3 Replies Latest reply on Feb 4, 2011 8:01 PM by nou

    barriers in kernels

    rick.weber

      Hello,

      I'm trying to implement radix sort in 1 dimension on a 2 dimensional array. So, global_size(0) = 64, as does local_size(0), and global/local_size(1) = numRows. The second work dimension corresponds to the row that work group should sort. Unfortunately, the data in my rows aren't guaranteed to be a multiple of 64, which causes heartache with respect to loops and barriers.

      Basically, I have this for loop with barriers (other code removed):

      for(unsigned int j = get_local_id(0); j < len; j += get_local_size(0))
      {
      barrier(CLK_LOCAL mem);

      where len = 100. The problem I'm having is that thread divergence causes some threads to execute the barrier and some to not. I'm not sure if this is a problem on the GPU since threads execute in lockstep within a block, but on the CPU, it definitely is. I know the OpenCL spec says all work items in a group must execute the barrier, but can I do the following? Each thread should execute the same number of barriers before moving past the if statement.

      unsigned int j = get_local_id(0);
      for(; j < len; j += get_local_size(0))
      {
      barrier(CLK_LOCAL mem);
      }
      if(j >= len)
      {
      barrier(CLK_LOCAL mem);
      }

        • barriers in kernels
          Meteorhead

          As far as I know it should work, although what you wrote code does not do what you explained in text.

          If it doesn't, you can definately rearrange your code so that all work-items hit the same barrier.

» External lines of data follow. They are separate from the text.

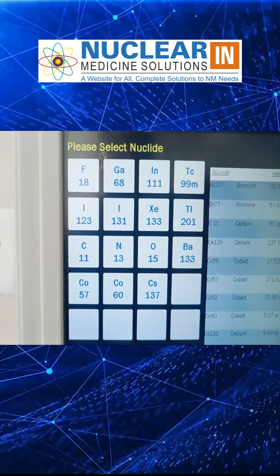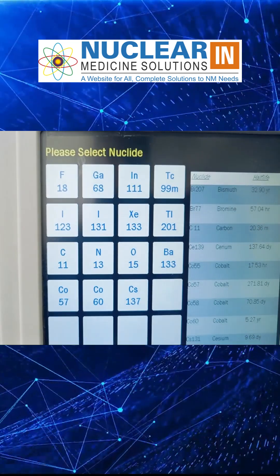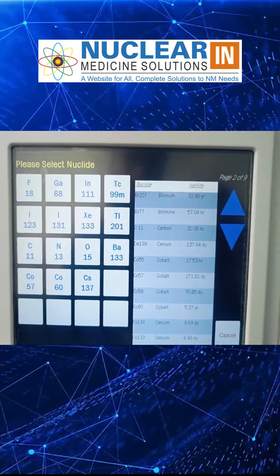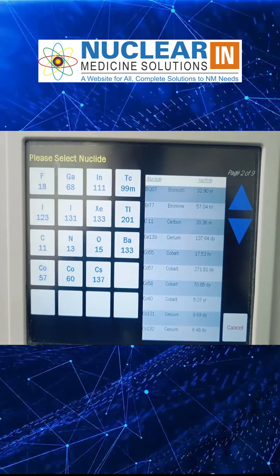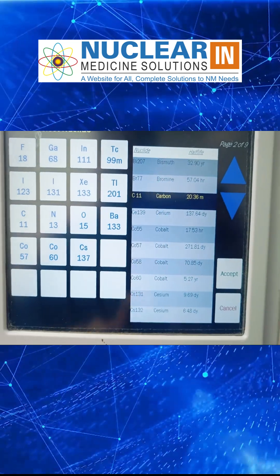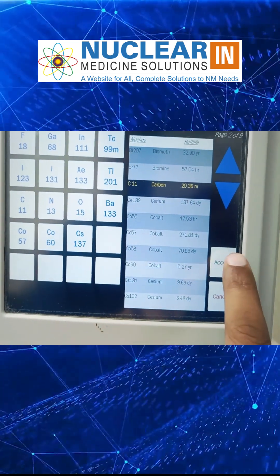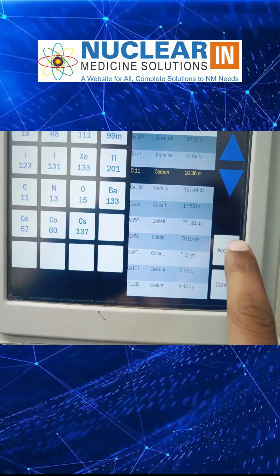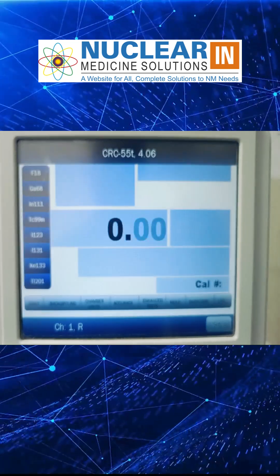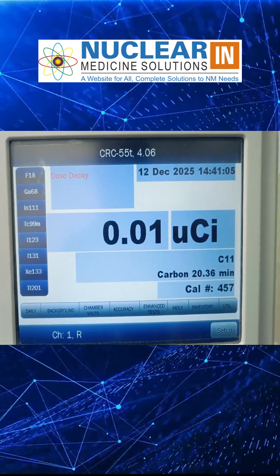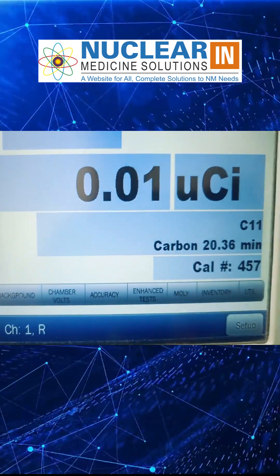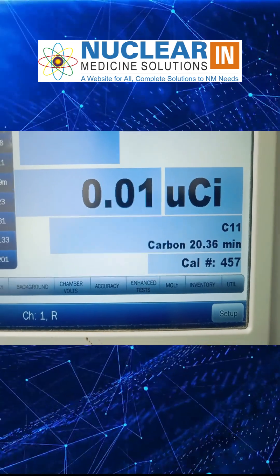Some more predefined isotopes are also given. Apart from that, if you want to choose some other isotope like C-11, you can simply click on it and select Accept, and it will open for C-11. The calibration factor has now been changed — it is 457.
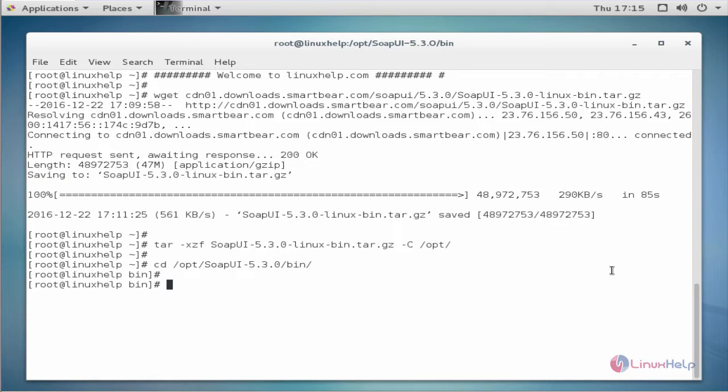Next, run the command to install SOAP UI. The command is dot slash SOAP UI dot sh. Now enter to run.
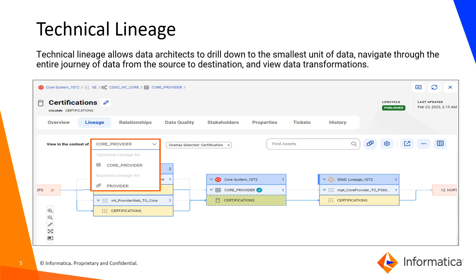Another type of lineage available in CDGC is technical lineage, which we view for technical assets. When you view data lineage for technical data elements like a column, you can choose to view the lineage as technical or business. Technical lineage allows data architects to drill down to the smallest unit of data, navigate through the entire journey of the data from source to destination, and also view the data transformations.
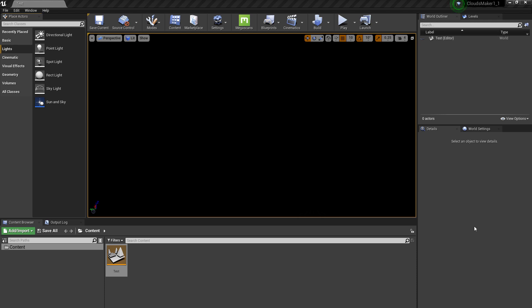Hi everybody and welcome to this quick tutorial about how to set up the SOA Clouds Maker. This is a blank new project, a game default project.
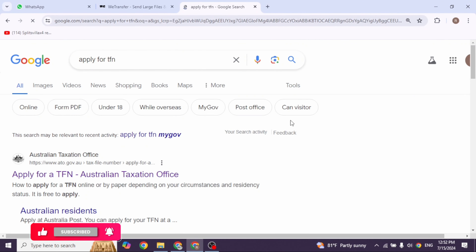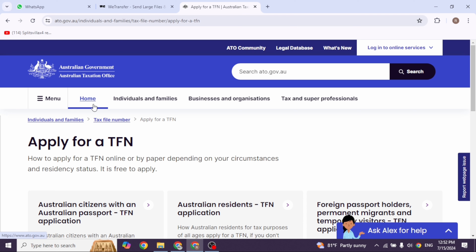How to apply for a tax file number. Whether you are an Australian citizen, permanent resident, migrant, worker, or international student, you will need a TFN if you want to work in Australia. So let's get started.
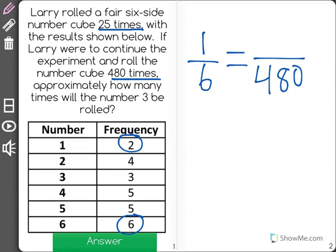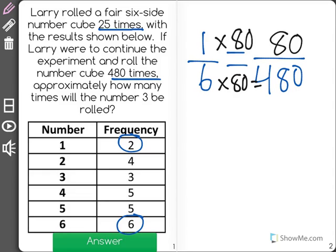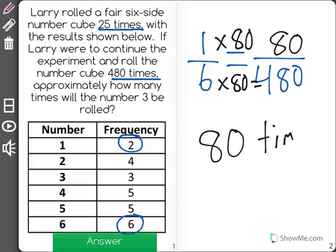So we ask ourselves, how do we get from 6 to 480? Well, we had to multiply by 80. And in order to keep the proportion correct, we need to do the same on the top, showing that if we were to roll it 480 times, our experimental probability should match the theoretical probability, and the number 3 should be rolled about 80 times.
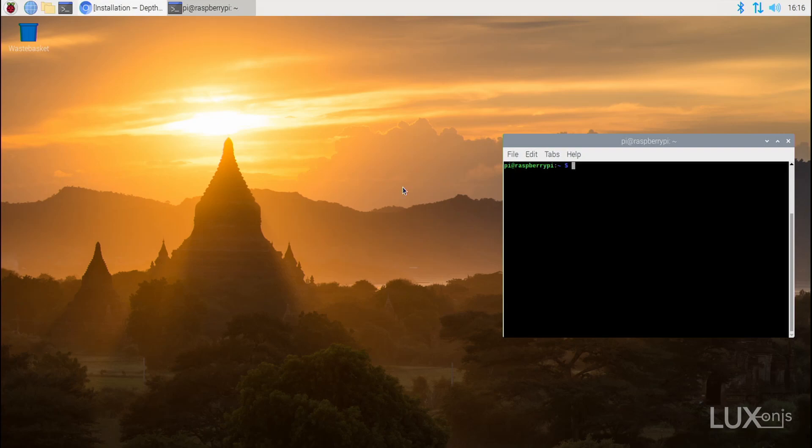Hi! Welcome to your Depth.ai on Raspberry Pi setup guide. Here I'll show you how to set up your OAK-D on Raspberry Pi using a few simple steps.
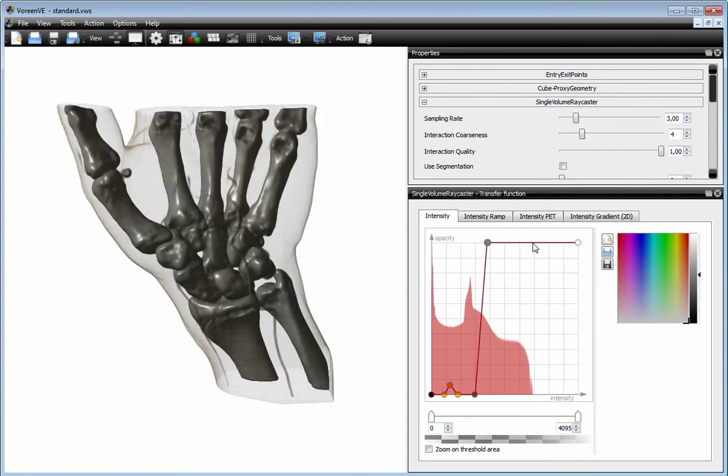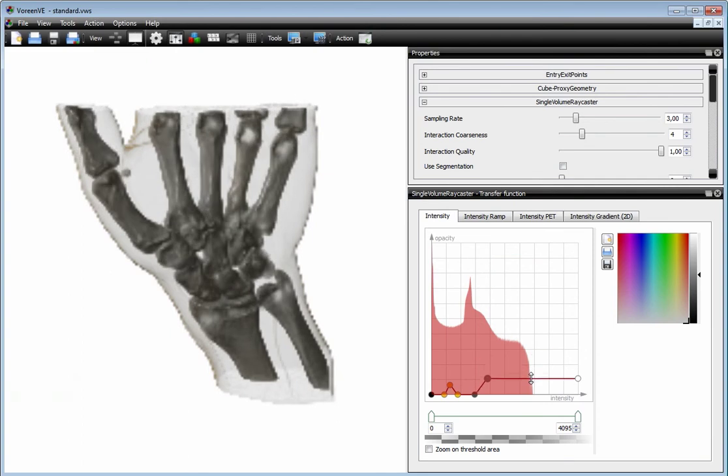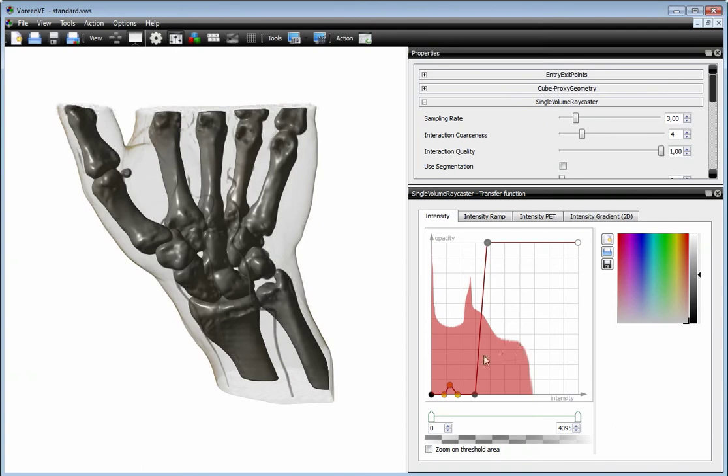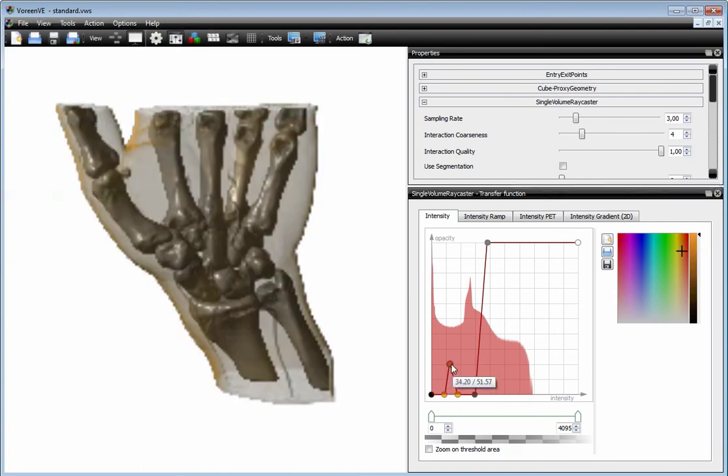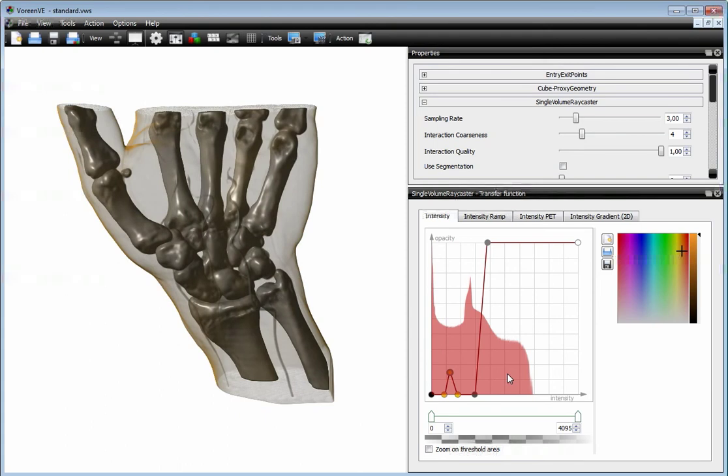It's the same you can do when you click on a line. So this is the 1D Transfer Function, which you can also export and load later on.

          while( i < longestRun )
          {
              if( I_am_thread_to_do_work )
              { ...
              }

              i += whatever;
              barrier();
          }

          Hope that helps.

            • barriers in kernels
              rick.weber

              Yeah, that's pretty much what I ended up doing. Unfortunately, my code has tons of barriers in the main loop, because I have to compute a scan in shared memory each iteration and update some indices. I can get rid of a bunch of them if I use a private register instead of a local memory variable. But this has the unfortunate side effect of hurting memory bandwidth when finding the pivot point. I guess I'll have to experiment to see which is the lesser evil.